Work item: When you reach the line with "5 layer dip in dish with chips." in the data below, begin printing lines exactly, and stop once the line with "community in Lo A" has been printed.

Records supplied:

◆ ◆ ◆ ◆

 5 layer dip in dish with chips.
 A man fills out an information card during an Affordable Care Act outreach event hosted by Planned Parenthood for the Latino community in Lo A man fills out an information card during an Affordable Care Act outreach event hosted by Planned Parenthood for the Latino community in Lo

◆ ◆ ◆ ◆

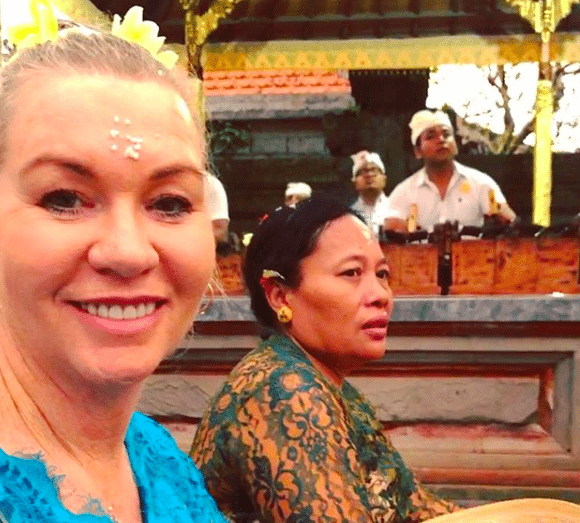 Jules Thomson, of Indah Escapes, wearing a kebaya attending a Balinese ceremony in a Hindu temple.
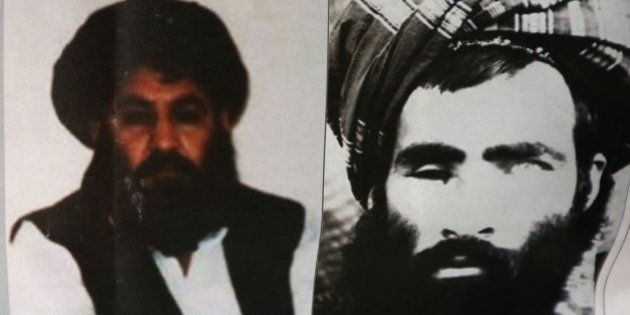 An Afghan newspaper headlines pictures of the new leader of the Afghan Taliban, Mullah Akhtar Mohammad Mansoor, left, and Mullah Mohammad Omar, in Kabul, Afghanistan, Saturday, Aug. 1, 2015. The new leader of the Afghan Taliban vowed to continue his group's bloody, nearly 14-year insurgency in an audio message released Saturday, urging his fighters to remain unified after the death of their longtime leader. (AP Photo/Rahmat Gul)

◆ ◆ ◆ ◆

The completed task:
 5 layer dip in dish with chips.
 A man fills out an information card during an Affordable Care Act outreach event hosted by Planned Parenthood for the Latino community in Lo A man fills out an information card during an Affordable Care Act outreach event hosted by Planned Parenthood for the Latino community in Lo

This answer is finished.